Task input =>
- - -

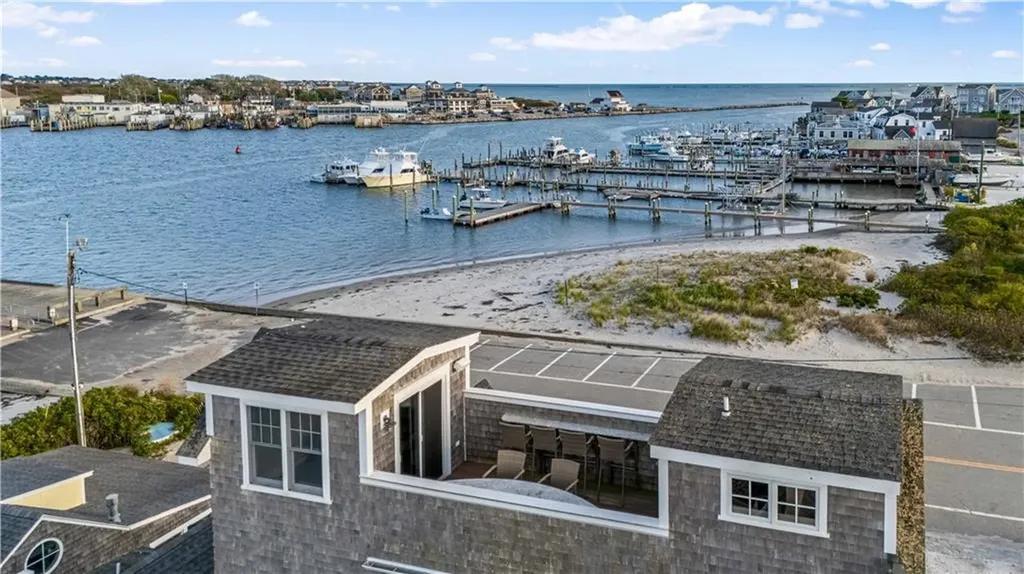 1185 Succotash Road Narragansett RI 02882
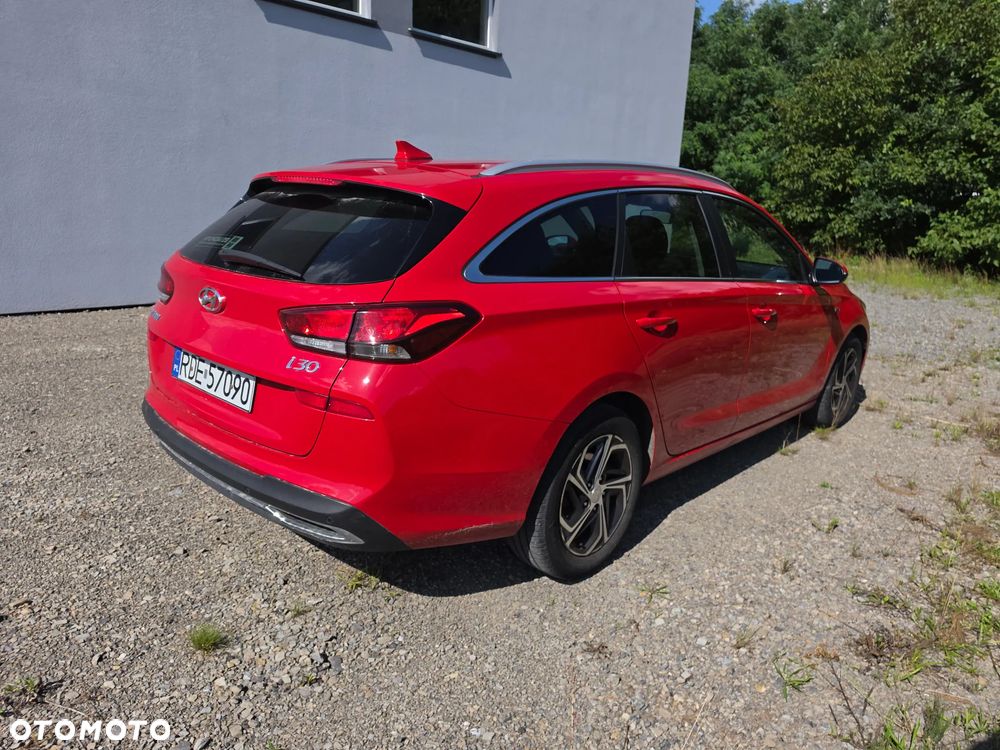 Hyundai i30 1.5 T-GDI 48V Comfort DCT - 4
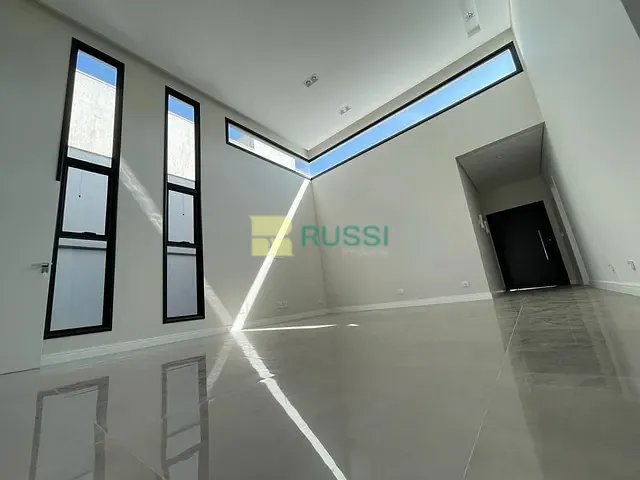Casa com 307m² 3 quartos e 3 banheiros, à venda, no bairro Jardim Jacinto em Jacareí
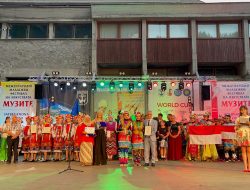 Bawakan Cerita Tsunami Aceh, SMA Labschool Kebayoran Juara Umum International Youth Festival of Music and Arts – The Muses 2024 Bulgaria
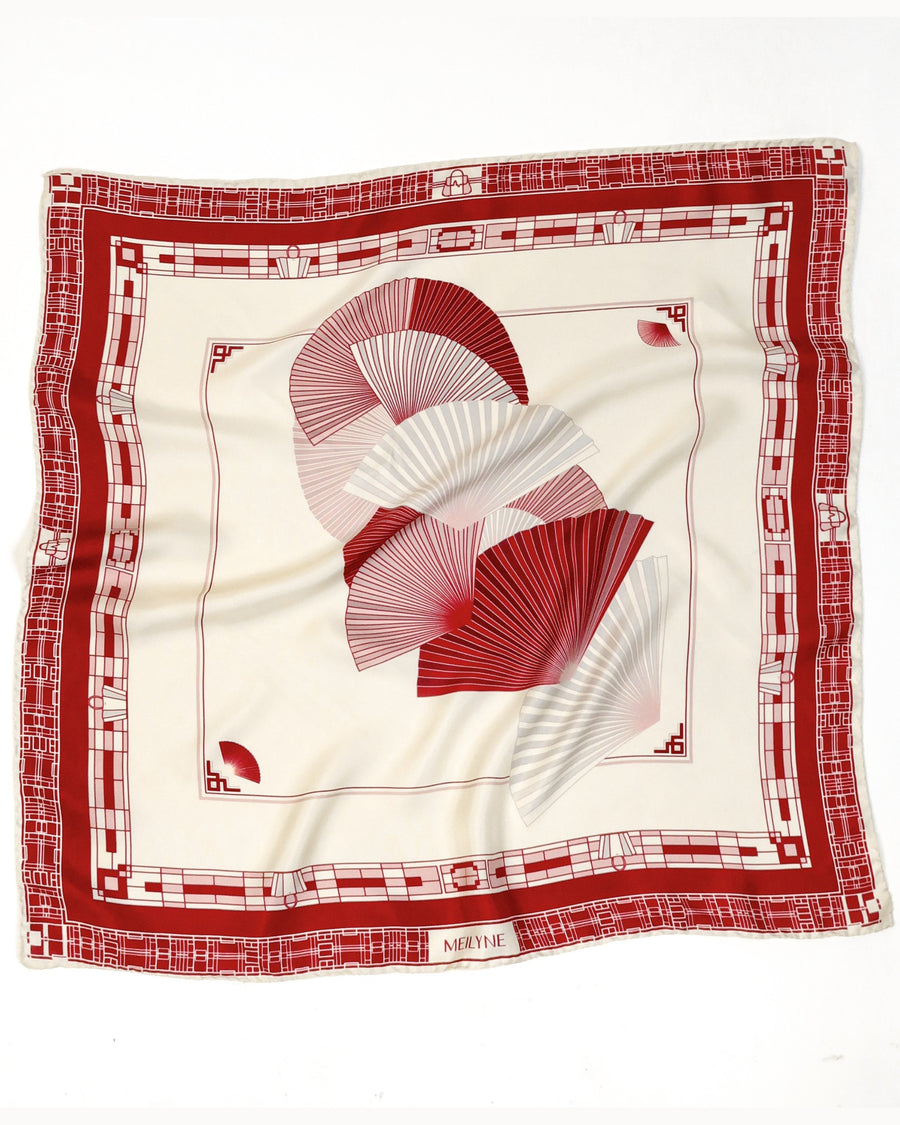 Carré de soie ZOE rouge et beige avec motifs éventails sur fond blanc
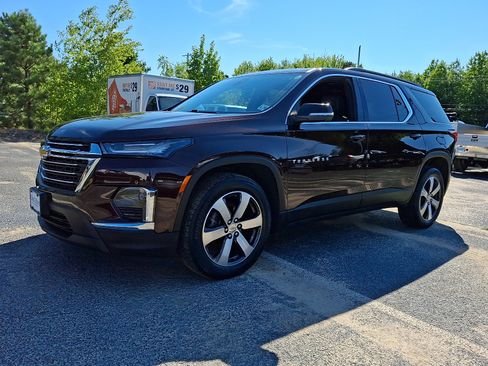 Used 2023 Chevrolet Traverse LT w/ LT Premium Package AWD/4WD image 3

- - -

What you are asked to do => Restate word for word each line from the one containing "Casa com 307m²" through the end of the material, pictures excluded.

Response area =>
Casa com 307m² 3 quartos e 3 banheiros, à venda, no bairro Jardim Jacinto em Jacareí
 Bawakan Cerita Tsunami Aceh, SMA Labschool Kebayoran Juara Umum International Youth Festival of Music and Arts – The Muses 2024 Bulgaria
 Carré de soie ZOE rouge et beige avec motifs éventails sur fond blanc
 Used 2023 Chevrolet Traverse LT w/ LT Premium Package AWD/4WD image 3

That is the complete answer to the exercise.